At the top of the intelligence pyramid sits John Brennan, President Obama’s CIA director and one of the principal architects of the manipulated 2017 Intelligence Community Assessment. James Clapper, who served as director of national intelligence, signed off on that same ICA and later joined 50 other former officials in concluding the Hunter Biden laptop had “all the classic earmarks of a Russian information operation” ahead of the 2020 election. The timing, once again, served a political objective.

James Comey, then FBI director, presided over Crossfire Hurricane. According to the Durham annex, he also allowed the investigation into Hillary Clinton’s private email server to collapse after it became entangled with “sensitive intelligence” revealing her plan to tie President Donald Trump to Russia.

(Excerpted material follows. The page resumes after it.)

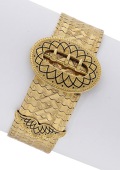 A late 19th century gold buckle bracelet, the fancy-link strap with lozenge-shaped decoration, the buckle and...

That plan, as documented in the annex, originated with Hillary Clinton herself and was personally pushed by President Obama. Her campaign, through law firm Perkins Coie, hired Fusion GPS, which commissioned the now-debunked Steele dossier — a document used to justify surveillance warrants on Trump associates.

Several individuals orbiting the Clinton operation have remained influential. Jake Sullivan, who served as President Biden’s national security adviser, was a foreign policy aide to Clinton during her 2016 campaign. He was named in 2021 as a figure involved in circulating the collusion narrative, and his presence in successive Democratic administrations suggests institutional continuity.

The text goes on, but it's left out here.